> [HOW TO COMPLETE THIS TASK] In the data that follows, find the line with "Moncler: Cochevis nylon"; transcribe it, every later line up to the one with "Rappel produit : Natvie", and that line as well, exactly and with no others.

[Short web captions]

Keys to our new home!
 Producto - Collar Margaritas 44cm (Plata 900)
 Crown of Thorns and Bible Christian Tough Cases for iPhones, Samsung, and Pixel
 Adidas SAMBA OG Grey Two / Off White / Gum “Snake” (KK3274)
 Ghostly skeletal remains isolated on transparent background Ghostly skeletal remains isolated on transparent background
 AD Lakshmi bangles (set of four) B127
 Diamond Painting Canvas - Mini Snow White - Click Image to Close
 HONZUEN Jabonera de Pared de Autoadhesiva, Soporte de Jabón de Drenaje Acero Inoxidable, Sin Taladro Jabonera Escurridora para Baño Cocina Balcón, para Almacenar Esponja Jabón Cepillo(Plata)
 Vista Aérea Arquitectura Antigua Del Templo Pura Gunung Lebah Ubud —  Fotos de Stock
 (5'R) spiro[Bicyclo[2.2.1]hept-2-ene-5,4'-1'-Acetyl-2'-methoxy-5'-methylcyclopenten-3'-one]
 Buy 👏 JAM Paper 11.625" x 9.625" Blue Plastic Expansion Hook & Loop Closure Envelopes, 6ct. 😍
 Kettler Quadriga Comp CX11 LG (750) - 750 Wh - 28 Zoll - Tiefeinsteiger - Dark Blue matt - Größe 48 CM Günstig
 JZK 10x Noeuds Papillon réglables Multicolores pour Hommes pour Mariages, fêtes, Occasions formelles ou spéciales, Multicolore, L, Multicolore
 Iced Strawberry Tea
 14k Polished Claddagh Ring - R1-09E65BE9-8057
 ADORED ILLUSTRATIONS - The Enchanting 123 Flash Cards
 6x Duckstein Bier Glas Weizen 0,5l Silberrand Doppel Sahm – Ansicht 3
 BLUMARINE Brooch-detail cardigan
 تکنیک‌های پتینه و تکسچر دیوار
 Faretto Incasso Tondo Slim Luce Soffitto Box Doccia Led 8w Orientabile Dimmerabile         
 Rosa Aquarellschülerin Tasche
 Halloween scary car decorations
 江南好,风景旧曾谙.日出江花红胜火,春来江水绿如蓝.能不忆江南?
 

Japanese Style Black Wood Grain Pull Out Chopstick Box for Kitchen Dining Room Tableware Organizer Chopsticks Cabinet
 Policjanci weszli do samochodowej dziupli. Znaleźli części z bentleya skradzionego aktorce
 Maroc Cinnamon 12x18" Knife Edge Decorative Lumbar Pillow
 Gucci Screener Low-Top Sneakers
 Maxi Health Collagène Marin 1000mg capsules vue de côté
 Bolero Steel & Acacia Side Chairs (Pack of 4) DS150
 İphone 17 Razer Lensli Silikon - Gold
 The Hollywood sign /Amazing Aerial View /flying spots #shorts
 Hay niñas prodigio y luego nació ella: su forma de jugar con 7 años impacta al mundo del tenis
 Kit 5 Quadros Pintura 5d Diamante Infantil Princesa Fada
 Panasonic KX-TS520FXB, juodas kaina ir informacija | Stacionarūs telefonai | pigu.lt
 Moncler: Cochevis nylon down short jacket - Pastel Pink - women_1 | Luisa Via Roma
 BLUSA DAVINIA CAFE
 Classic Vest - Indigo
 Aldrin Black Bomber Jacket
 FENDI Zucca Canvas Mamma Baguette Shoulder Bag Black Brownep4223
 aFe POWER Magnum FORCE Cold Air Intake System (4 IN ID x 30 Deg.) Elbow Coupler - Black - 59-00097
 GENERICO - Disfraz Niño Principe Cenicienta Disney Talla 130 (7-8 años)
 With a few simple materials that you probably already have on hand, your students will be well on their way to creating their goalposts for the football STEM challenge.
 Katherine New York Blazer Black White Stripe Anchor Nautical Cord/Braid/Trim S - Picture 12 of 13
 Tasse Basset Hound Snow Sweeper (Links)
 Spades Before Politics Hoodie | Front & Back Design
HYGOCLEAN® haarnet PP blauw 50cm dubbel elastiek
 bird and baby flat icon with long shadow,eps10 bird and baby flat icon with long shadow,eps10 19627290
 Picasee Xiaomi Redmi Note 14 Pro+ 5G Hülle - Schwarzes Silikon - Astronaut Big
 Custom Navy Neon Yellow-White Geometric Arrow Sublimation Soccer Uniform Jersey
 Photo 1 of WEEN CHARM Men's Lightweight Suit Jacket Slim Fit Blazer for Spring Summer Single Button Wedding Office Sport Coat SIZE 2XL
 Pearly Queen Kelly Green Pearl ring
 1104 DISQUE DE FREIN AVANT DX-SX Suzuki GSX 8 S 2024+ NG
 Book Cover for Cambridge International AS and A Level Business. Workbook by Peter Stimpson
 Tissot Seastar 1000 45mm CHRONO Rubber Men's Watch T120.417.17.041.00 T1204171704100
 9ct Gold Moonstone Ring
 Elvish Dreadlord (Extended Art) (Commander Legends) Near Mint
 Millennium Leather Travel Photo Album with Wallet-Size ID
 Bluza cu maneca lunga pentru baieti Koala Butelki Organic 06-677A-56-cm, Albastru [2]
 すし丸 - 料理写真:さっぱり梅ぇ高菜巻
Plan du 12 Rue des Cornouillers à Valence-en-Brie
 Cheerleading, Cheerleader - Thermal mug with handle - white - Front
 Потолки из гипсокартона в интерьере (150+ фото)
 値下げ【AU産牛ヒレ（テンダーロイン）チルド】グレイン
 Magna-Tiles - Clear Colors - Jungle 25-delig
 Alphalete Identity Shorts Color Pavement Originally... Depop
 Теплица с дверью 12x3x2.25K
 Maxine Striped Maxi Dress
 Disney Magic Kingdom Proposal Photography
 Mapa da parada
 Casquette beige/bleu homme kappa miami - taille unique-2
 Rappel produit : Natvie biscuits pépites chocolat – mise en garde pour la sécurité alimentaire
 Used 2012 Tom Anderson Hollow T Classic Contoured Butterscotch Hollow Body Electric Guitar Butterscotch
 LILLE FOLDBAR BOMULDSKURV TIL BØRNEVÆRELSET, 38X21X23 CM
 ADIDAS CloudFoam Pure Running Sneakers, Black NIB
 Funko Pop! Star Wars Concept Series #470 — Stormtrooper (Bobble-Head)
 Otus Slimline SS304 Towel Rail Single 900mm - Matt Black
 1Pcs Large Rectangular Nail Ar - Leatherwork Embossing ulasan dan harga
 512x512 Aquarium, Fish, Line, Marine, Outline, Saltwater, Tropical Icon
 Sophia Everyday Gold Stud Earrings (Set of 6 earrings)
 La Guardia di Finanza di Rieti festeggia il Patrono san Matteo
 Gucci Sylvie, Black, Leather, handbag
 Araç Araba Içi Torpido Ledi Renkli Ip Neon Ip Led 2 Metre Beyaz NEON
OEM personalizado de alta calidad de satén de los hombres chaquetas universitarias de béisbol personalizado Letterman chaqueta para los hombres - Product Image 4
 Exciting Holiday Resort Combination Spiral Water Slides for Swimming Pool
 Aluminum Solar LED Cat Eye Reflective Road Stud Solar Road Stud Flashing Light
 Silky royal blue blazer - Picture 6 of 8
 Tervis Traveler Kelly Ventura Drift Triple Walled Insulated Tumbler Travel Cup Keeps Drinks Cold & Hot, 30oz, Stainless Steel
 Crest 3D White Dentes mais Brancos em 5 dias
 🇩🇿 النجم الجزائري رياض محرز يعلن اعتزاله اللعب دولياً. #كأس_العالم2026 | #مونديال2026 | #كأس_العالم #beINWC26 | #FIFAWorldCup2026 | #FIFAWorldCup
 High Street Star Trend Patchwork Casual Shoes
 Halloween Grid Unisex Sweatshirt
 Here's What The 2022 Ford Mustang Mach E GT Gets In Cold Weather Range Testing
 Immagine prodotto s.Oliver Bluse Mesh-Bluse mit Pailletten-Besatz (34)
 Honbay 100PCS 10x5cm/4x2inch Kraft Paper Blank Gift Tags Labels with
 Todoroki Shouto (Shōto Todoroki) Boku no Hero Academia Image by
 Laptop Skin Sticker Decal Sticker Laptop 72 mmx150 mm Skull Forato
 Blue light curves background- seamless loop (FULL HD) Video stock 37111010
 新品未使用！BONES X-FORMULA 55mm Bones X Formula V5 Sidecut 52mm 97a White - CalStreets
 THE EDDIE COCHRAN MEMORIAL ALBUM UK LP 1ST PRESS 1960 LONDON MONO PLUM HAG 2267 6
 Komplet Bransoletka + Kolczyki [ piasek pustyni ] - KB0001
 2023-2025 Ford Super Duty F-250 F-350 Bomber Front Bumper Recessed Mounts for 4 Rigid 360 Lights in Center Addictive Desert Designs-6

> [ANSWER TO THIS PROBLEM]
 Moncler: Cochevis nylon down short jacket - Pastel Pink - women_1 | Luisa Via Roma
 BLUSA DAVINIA CAFE
 Classic Vest - Indigo
 Aldrin Black Bomber Jacket
 FENDI Zucca Canvas Mamma Baguette Shoulder Bag Black Brownep4223
 aFe POWER Magnum FORCE Cold Air Intake System (4 IN ID x 30 Deg.) Elbow Coupler - Black - 59-00097
 GENERICO - Disfraz Niño Principe Cenicienta Disney Talla 130 (7-8 años)
 With a few simple materials that you probably already have on hand, your students will be well on their way to creating their goalposts for the football STEM challenge.
 Katherine New York Blazer Black White Stripe Anchor Nautical Cord/Braid/Trim S - Picture 12 of 13
 Tasse Basset Hound Snow Sweeper (Links)
 Spades Before Politics Hoodie | Front & Back Design
HYGOCLEAN® haarnet PP blauw 50cm dubbel elastiek
 bird and baby flat icon with long shadow,eps10 bird and baby flat icon with long shadow,eps10 19627290
 Picasee Xiaomi Redmi Note 14 Pro+ 5G Hülle - Schwarzes Silikon - Astronaut Big
 Custom Navy Neon Yellow-White Geometric Arrow Sublimation Soccer Uniform Jersey
 Photo 1 of WEEN CHARM Men's Lightweight Suit Jacket Slim Fit Blazer for Spring Summer Single Button Wedding Office Sport Coat SIZE 2XL
 Pearly Queen Kelly Green Pearl ring
 1104 DISQUE DE FREIN AVANT DX-SX Suzuki GSX 8 S 2024+ NG
 Book Cover for Cambridge International AS and A Level Business. Workbook by Peter Stimpson
 Tissot Seastar 1000 45mm CHRONO Rubber Men's Watch T120.417.17.041.00 T1204171704100
 9ct Gold Moonstone Ring
 Elvish Dreadlord (Extended Art) (Commander Legends) Near Mint
 Millennium Leather Travel Photo Album with Wallet-Size ID
 Bluza cu maneca lunga pentru baieti Koala Butelki Organic 06-677A-56-cm, Albastru [2]
 すし丸 - 料理写真:さっぱり梅ぇ高菜巻
Plan du 12 Rue des Cornouillers à Valence-en-Brie
 Cheerleading, Cheerleader - Thermal mug with handle - white - Front
 Потолки из гипсокартона в интерьере (150+ фото)
 値下げ【AU産牛ヒレ（テンダーロイン）チルド】グレイン
 Magna-Tiles - Clear Colors - Jungle 25-delig
 Alphalete Identity Shorts Color Pavement Originally... Depop
 Теплица с дверью 12x3x2.25K
 Maxine Striped Maxi Dress
 Disney Magic Kingdom Proposal Photography
 Mapa da parada
 Casquette beige/bleu homme kappa miami - taille unique-2
 Rappel produit : Natvie biscuits pépites chocolat – mise en garde pour la sécurité alimentaire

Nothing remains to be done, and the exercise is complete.